Product Description
The Comic Turn in Contemporary English Fiction explores the importance of comedy in contemporary literature and culture. In an era largely defined by a mood of crisis, bleakness, cruelty, melancholia, environmental catastrophe and collapse, Huw Marsh argues that contemporary fiction is as likely to treat these subjects comically as it is to treat them gravely, and that the recognition and proper analysis of this humour opens up new ways to think about literature. Structured around readings of authors including Martin Amis, Nicola Barker, Julian Barnes, Jonathan Coe, Howard Jacobson, Magnus Mills and Zadie Smith, this book suggests not only that much of the most interesting contemporary writing is funny and that there is a comic tendency in contemporary fiction, but also that this humour, this comic licence, allows writers of contemporary fiction to do peculiar and interesting things – things that are funny in the sense of odd or strange and that may in turn inspire a funny turn in readers. Marsh offers a series of original critical and theoretical frameworks for discussing questions of literary genre, style, affect and politics, demonstrating that comedy is an often neglected mode that plays a generative role in much of the most interesting contemporary writing, creating sites of rich political, stylistic, cognitive and ethical contestation whose analysis offers a new perspective on the present.
Review
“We laugh in many ways and for different reasons, and we often laugh when reading contemporary British fiction-but why? Obviously, we need a new definition of English humor.

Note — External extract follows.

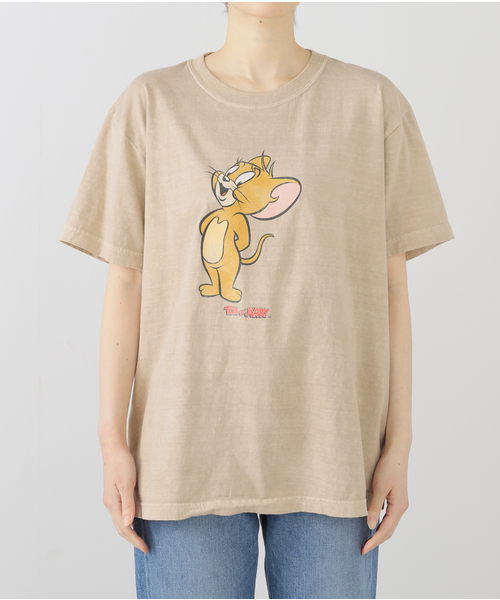 plage(プラージュ)の「《博多店・WEB限定》TOM and JERRY Tシャツ(Tシャツ/カットソー・レディース・ベージュ/チャコールグレー・FREE)」の14枚目の写真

Marsh provides it by elaborating a comprehensive theory of laughter that comes alive thanks to astute close readings illuminating the comic turn in British fiction. He offers all at once an encyclopedia of comedy and witty surveys of Martin Amis, Nicola Baker, Jonathan Coe, Magnus Mills, Howard Jacobson and Zadie Smith. This eminently teachable book is bound to become a classic of humor studies.” ―Jean-Michel Rabaté, Professor of English and Comparative Literature, University of Pennsylvania, USA
“This serious work on comedy should be read by everyone with an interest in contemporary English fiction. In clear and intelligent prose, Huw Marsh's insightful book engages with major and, in some cases, critically underappreciated authors to offer new ideas about the comic and a new shape to the field.” ―Robert Eaglestone, Professor of Contemporary Literature and Thought, Royal Holloway, University of London
About the Author
Huw Marsh is Lecturer in Twentieth and Twenty-First Century Literature at Queen Mary University of London, UK. He is the author of Beryl Bainbridge (2014) and works mainly on post-war and contemporary fiction.